:: EXERCISE ::
Beginning at the line that holds "Audi Q5, 2020", transcribe each line exactly through the end of the records, and leave any pictures out.

-----

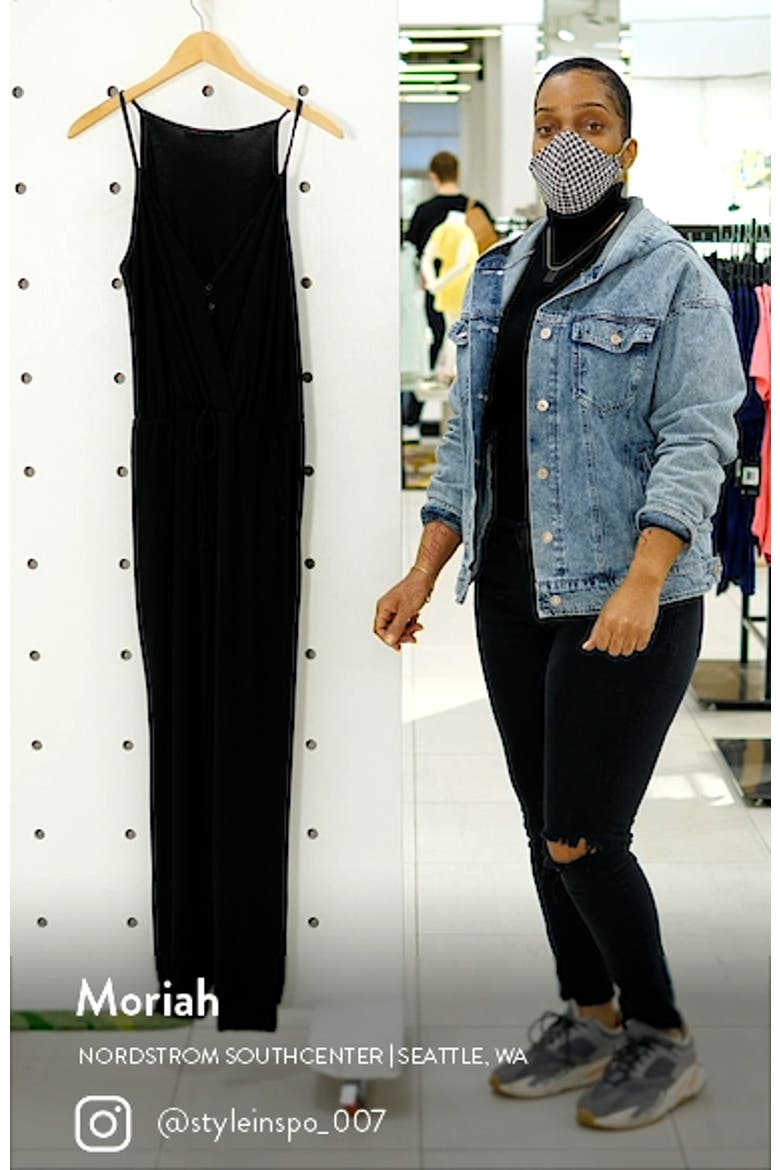 Cami Jumpsuit video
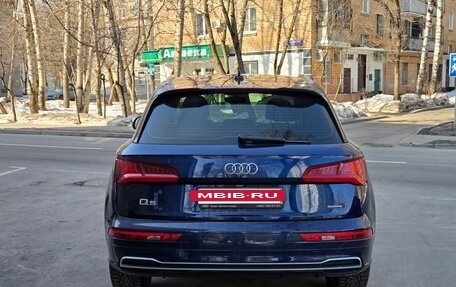 Audi Q5, 2020 год, 4 350 000 рублей, 4 фотография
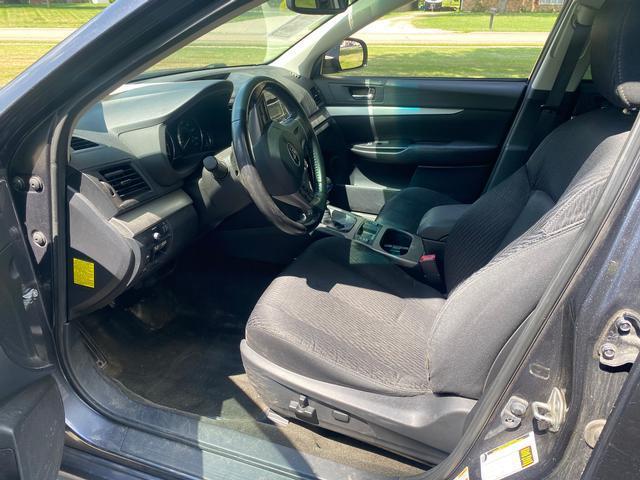used 2012 Subaru Legacy car, priced at $6,995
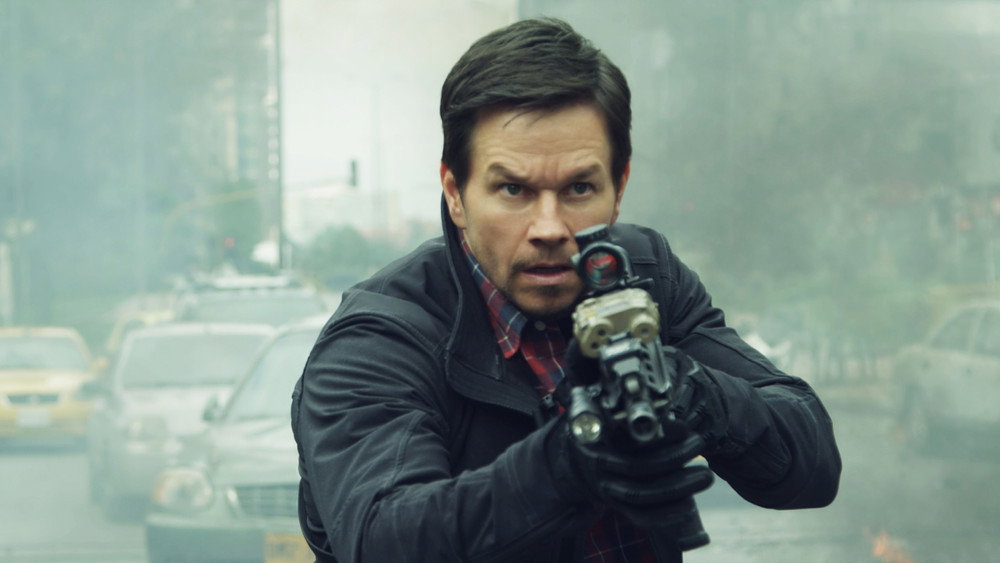 22英里,Mile 22(2018电影)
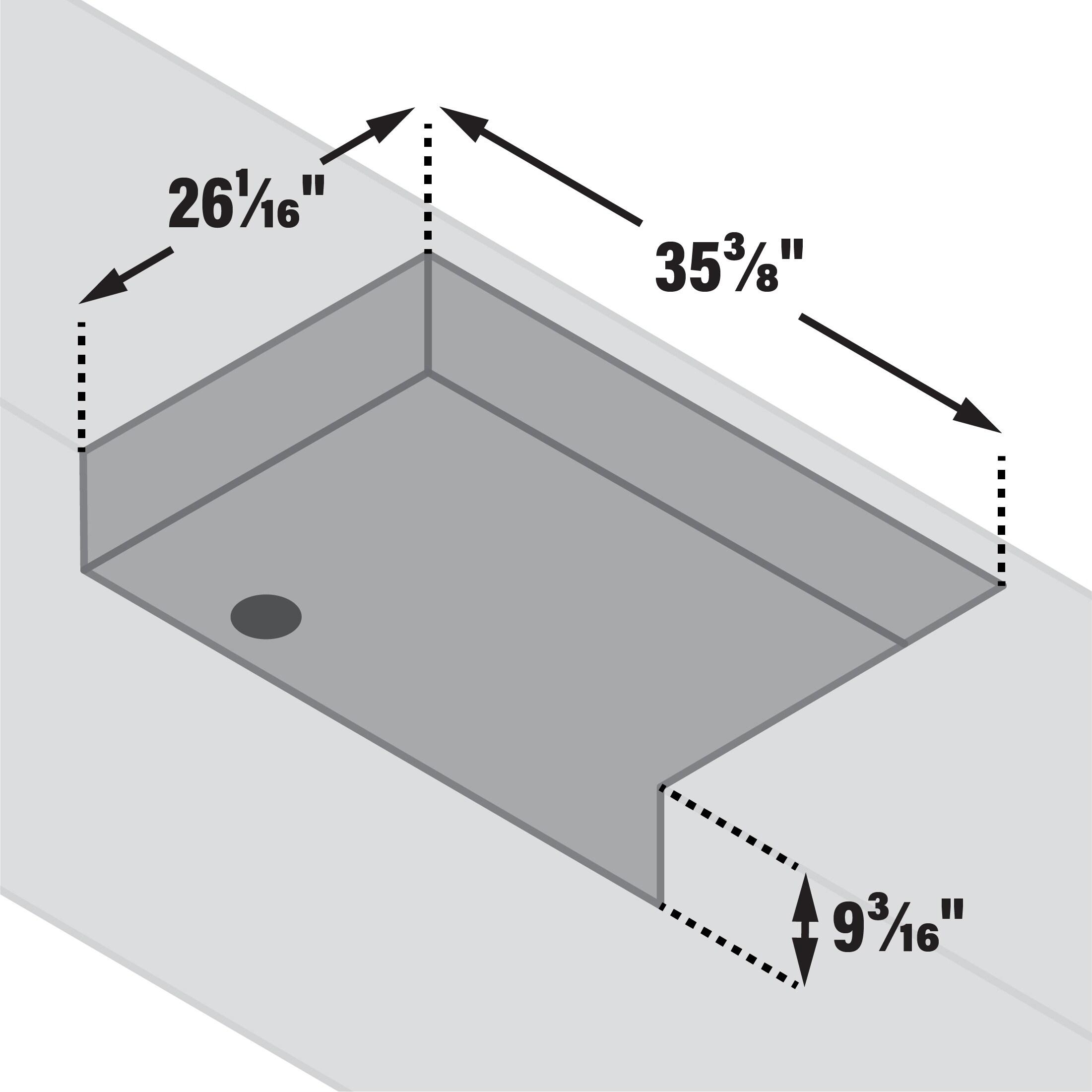 Blackstone Blackstone Kitchen 28" Insulating Jacket for 3-Burner 28" XL Drop-In Griddle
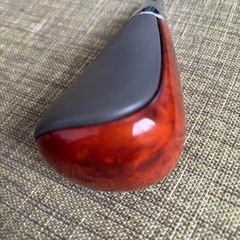 トヨタ、クラウン系　シフトノブ　今や旧車⁇の画像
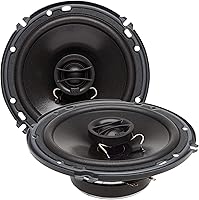 Powerbass S-Series S6752 6.75″ Coaxial Speakers - Set of 2 — image 1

-----

:: RESPONSE BELOW ::
 Audi Q5, 2020 год, 4 350 000 рублей, 4 фотография
used 2012 Subaru Legacy car, priced at $6,995
 22英里,Mile 22(2018电影)
 Blackstone Blackstone Kitchen 28" Insulating Jacket for 3-Burner 28" XL Drop-In Griddle
 トヨタ、クラウン系　シフトノブ　今や旧車⁇の画像
 Powerbass S-Series S6752 6.75″ Coaxial Speakers - Set of 2 — image 1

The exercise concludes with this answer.